The State Court of Audit (ECA) has pointed to failures to grant tax benefits by management (Republicans) and said the government cannot measure the real impact of tax exemption policy on society.
The failures are in the report of the annual accounts of the São Paulo government of 2024, approved on Wednesday (25) with caveats and recommendations in 11 areas.
The Court states that Tarcisio management is inaccurate in projecting the total benefits granted in the State, exemplary that, between the preparation of the LDO (Budgetary Guidelines Law) and LOA (Annual Budget Law), the total amount of exemptions varied 7.09%.
“Such oscillations denote the need to improve the method to ensure more consistent predictions,” the agency said.

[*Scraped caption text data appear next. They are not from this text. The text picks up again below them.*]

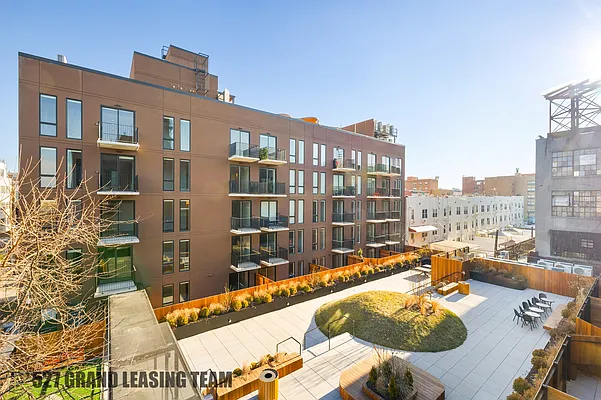 Rented by Noll Street Realty USA LLC | media 8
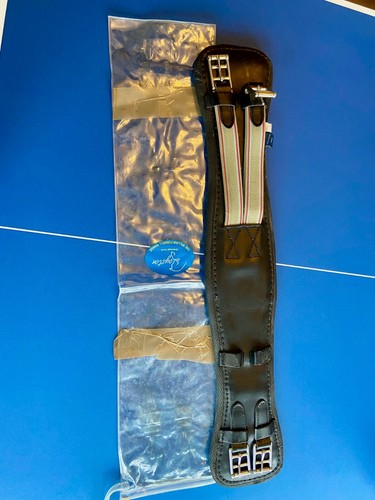 Leather dressage girth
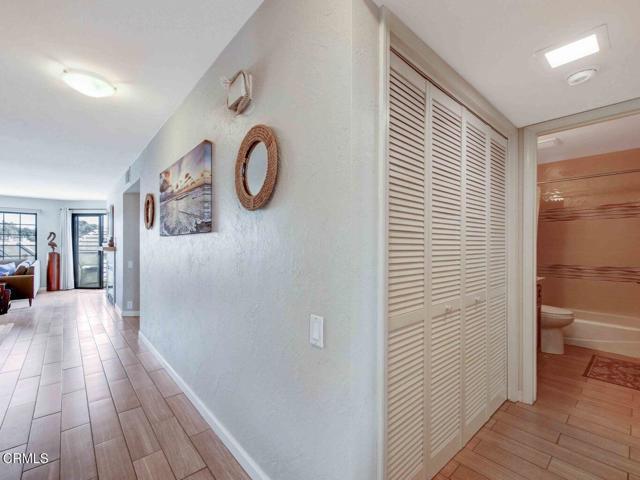 Building Photo - 716 Island View Cir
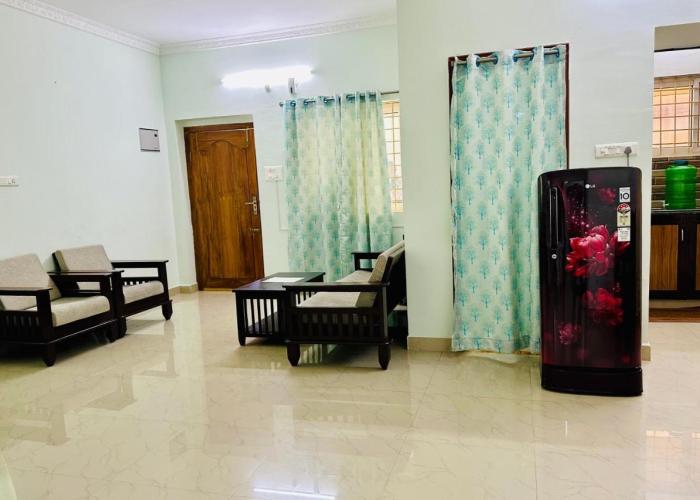 TrueLife Homestays - Location - Comfort - Service - 2BHK AC apartments for families visiting Tirupati Temple - Fast WiFi, Kitchen, Android TV - Walk to PS4 Pure Veg Restaurant, Mayabazar Super Market - Easy access to Airport, Railway Station, All Temples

In addition, the ECA identified that spending on tax benefits in São Paulo grows up higher than the total state’s collection.
“The inspection [do TCE] He pointed out that the annual growth of revenue waiver exceeds the growth of tax revenue. As an example, the average annual growth rate of renunciations for the period 2025 to 2027 is approximately 6.09%, while the revenue is projected at 5.54%, “says the report approved Wednesday, prepared by Counselor Dimas Ramalho.
The counselor stated that the TCE inspection pointed out that the R $ 61 billion in tax benefits granted in 2024 benefited about 433,000 taxpayers. The projections of the São Paulo government were that, last year, the state had spent $ 75.6 billion on the benefits.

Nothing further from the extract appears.